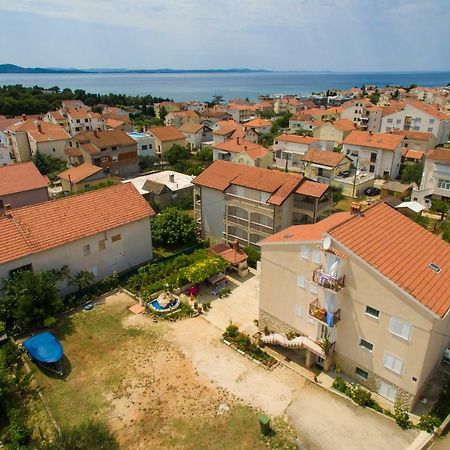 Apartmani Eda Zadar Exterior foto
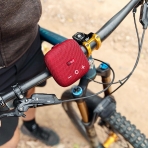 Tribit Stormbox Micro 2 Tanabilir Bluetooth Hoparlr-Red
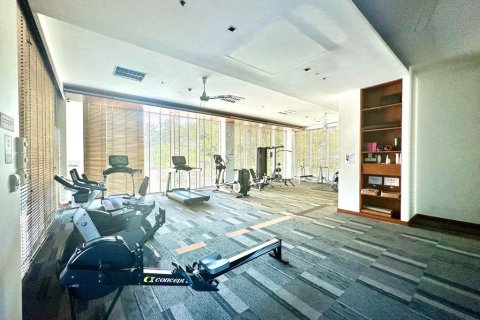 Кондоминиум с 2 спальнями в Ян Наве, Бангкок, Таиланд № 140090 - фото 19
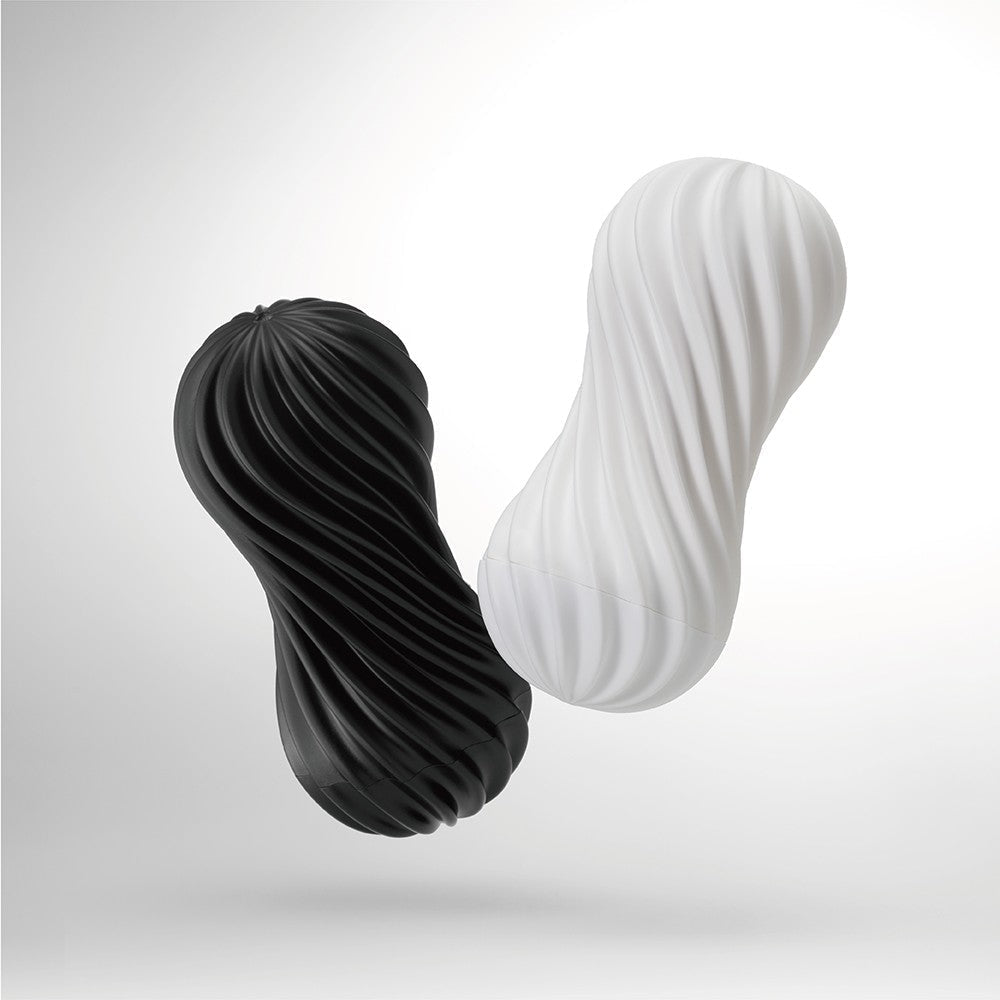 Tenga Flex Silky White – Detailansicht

_INSTRUCTIONS TO FOLLOW_
Apart from the pictures, the whole listing should be reproduced exactly.

_RESPONSE TO THIS TASK_
 Apartmani Eda Zadar Exterior foto
 Tribit Stormbox Micro 2 Tanabilir Bluetooth Hoparlr-Red
 Кондоминиум с 2 спальнями в Ян Наве, Бангкок, Таиланд № 140090 - фото 19
 Tenga Flex Silky White – Detailansicht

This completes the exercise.